DATA SECTION
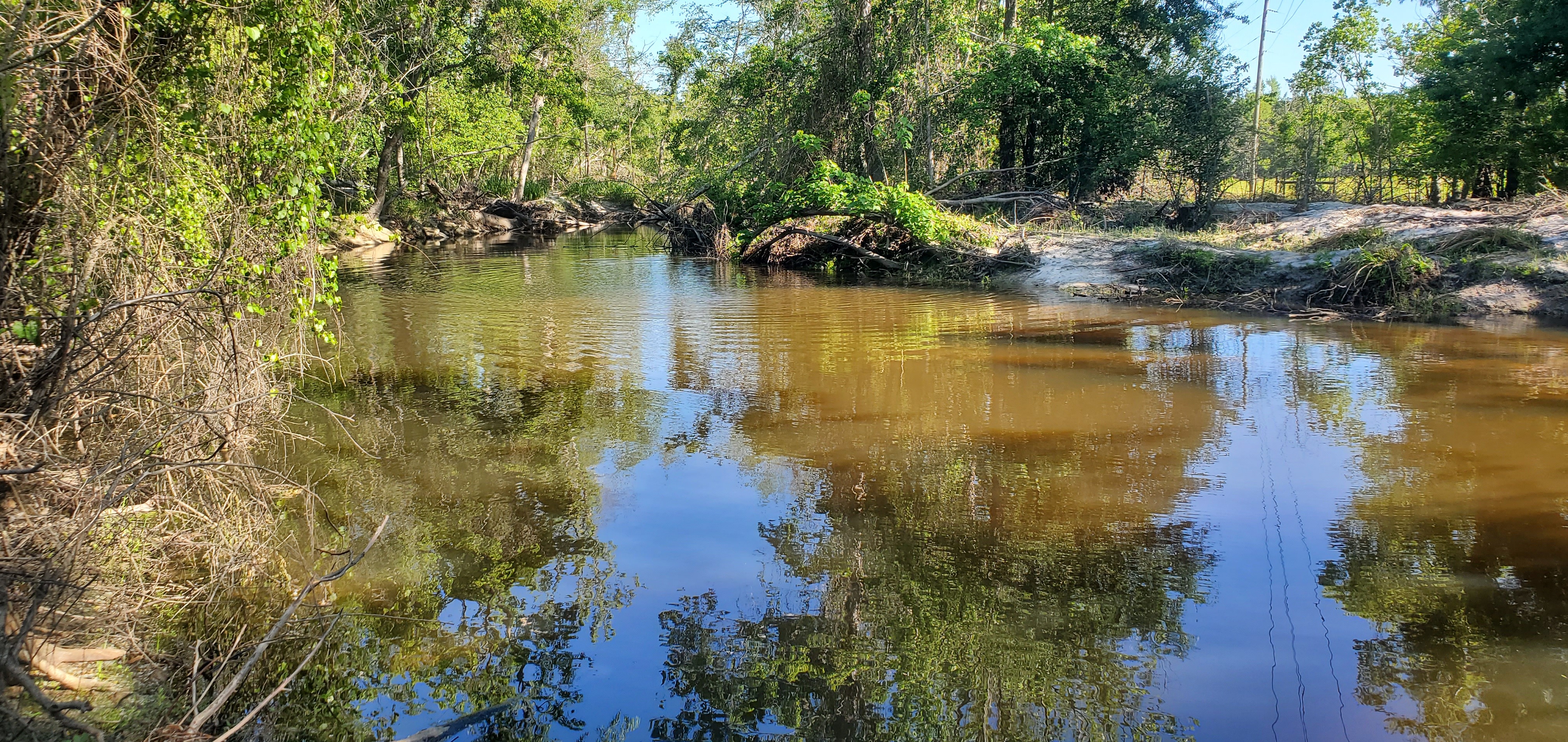 Downstream Sugar Creek, 09:55:52, 30.8622856, -83.3188072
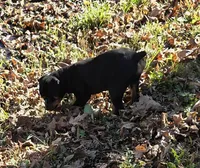 Sarah, a female Rottweiler for sale in Mifflin, PA – 2 of 3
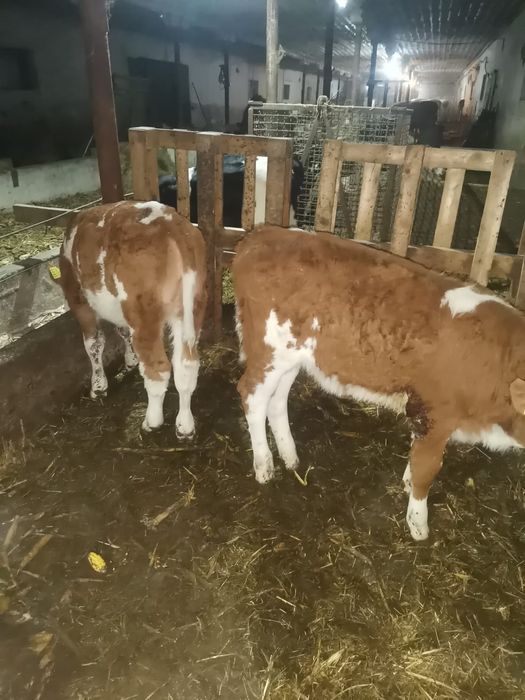 De vânzare 2 vitele baltate românești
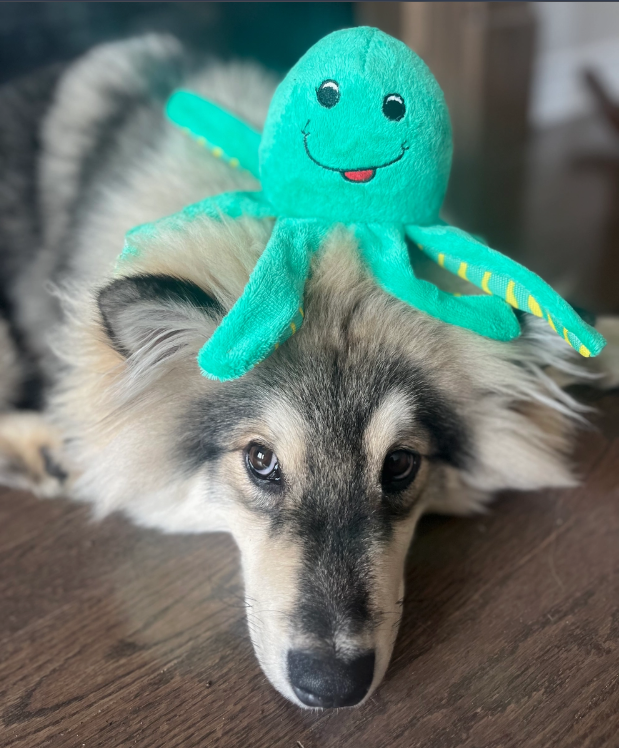 Clean Earth Recycled Plush Dog Toy- Octopus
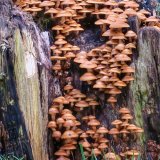 Mushrooms on log in Tavistock, November 2015.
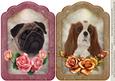 Loyal Companions A5 Toppers 3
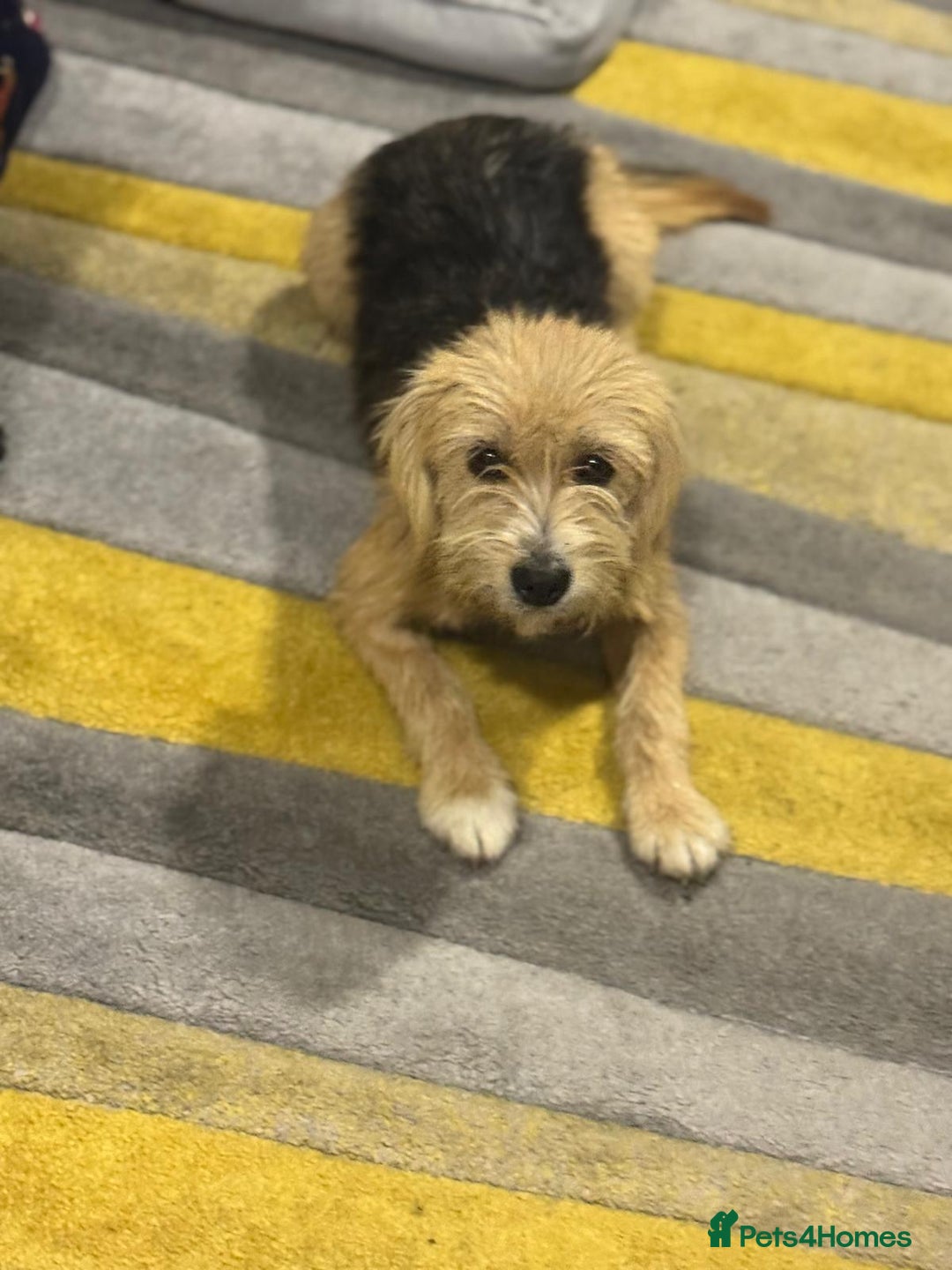 Yorkshire Terrier dogs for adoption: Sweet Daisy looking for LOVE  - Image 7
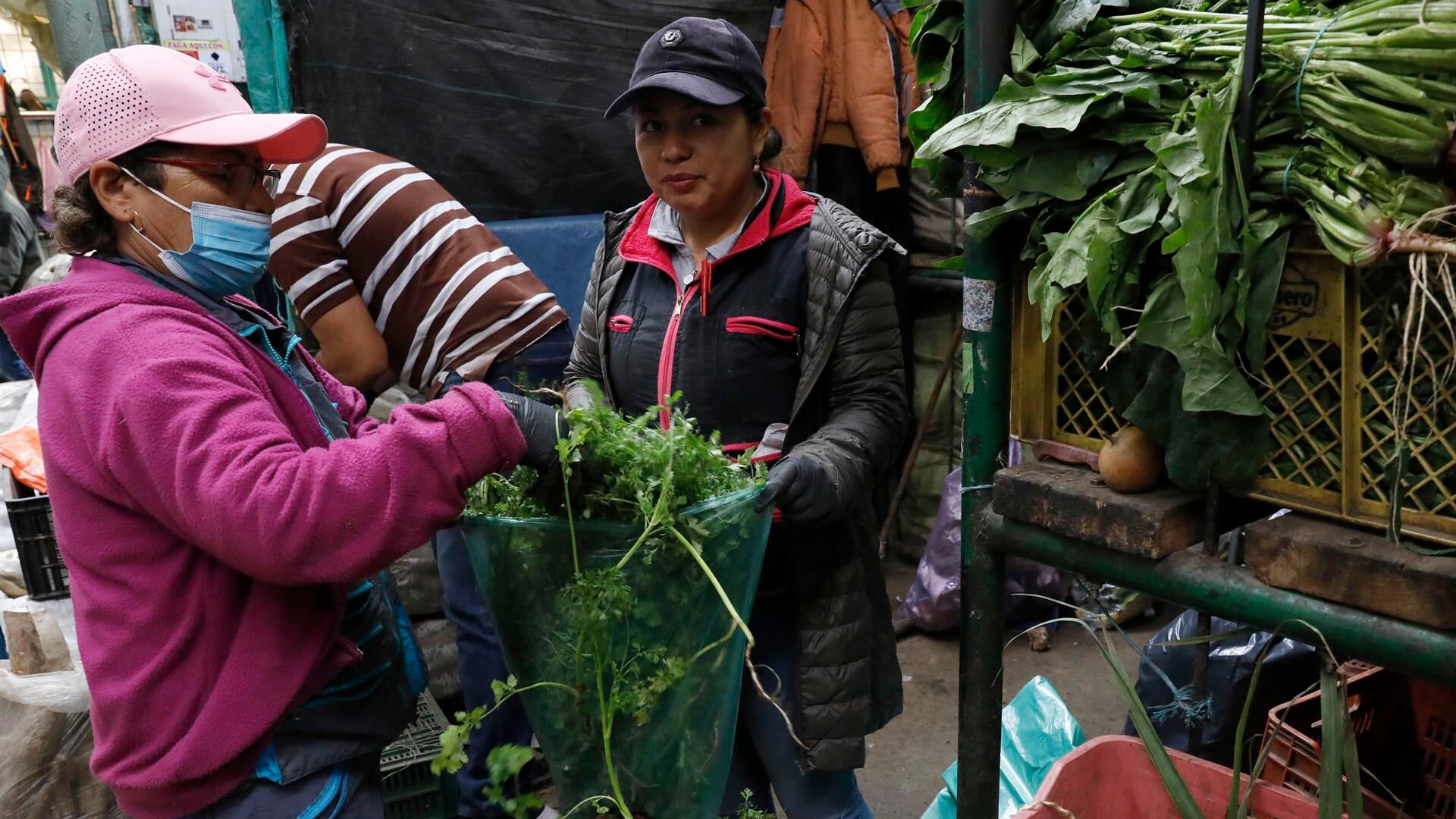 Comerciantes trabajan en la venta y distribución de alimentos en la plaza de mercado Corabastos, hoy, en Bogotá (Colombia). El alto costo de los alimentos se ha convertido en el villano de los hogares colombianos por su incidencia en el índice de Precios al Consumidor (IPC), cuyo resultado de marzo será divulgado este martes por el Gobierno.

TASK DIRECTIONS
Nothing but the lines from the first line of the data through the line with "Loyal Companions A5 Toppers 3" belongs in the answer, copied exactly and without pictures.

EXERCISE SOLUTION
 Downstream Sugar Creek, 09:55:52, 30.8622856, -83.3188072
 Sarah, a female Rottweiler for sale in Mifflin, PA – 2 of 3
 De vânzare 2 vitele baltate românești
 Clean Earth Recycled Plush Dog Toy- Octopus
 Mushrooms on log in Tavistock, November 2015.
 Loyal Companions A5 Toppers 3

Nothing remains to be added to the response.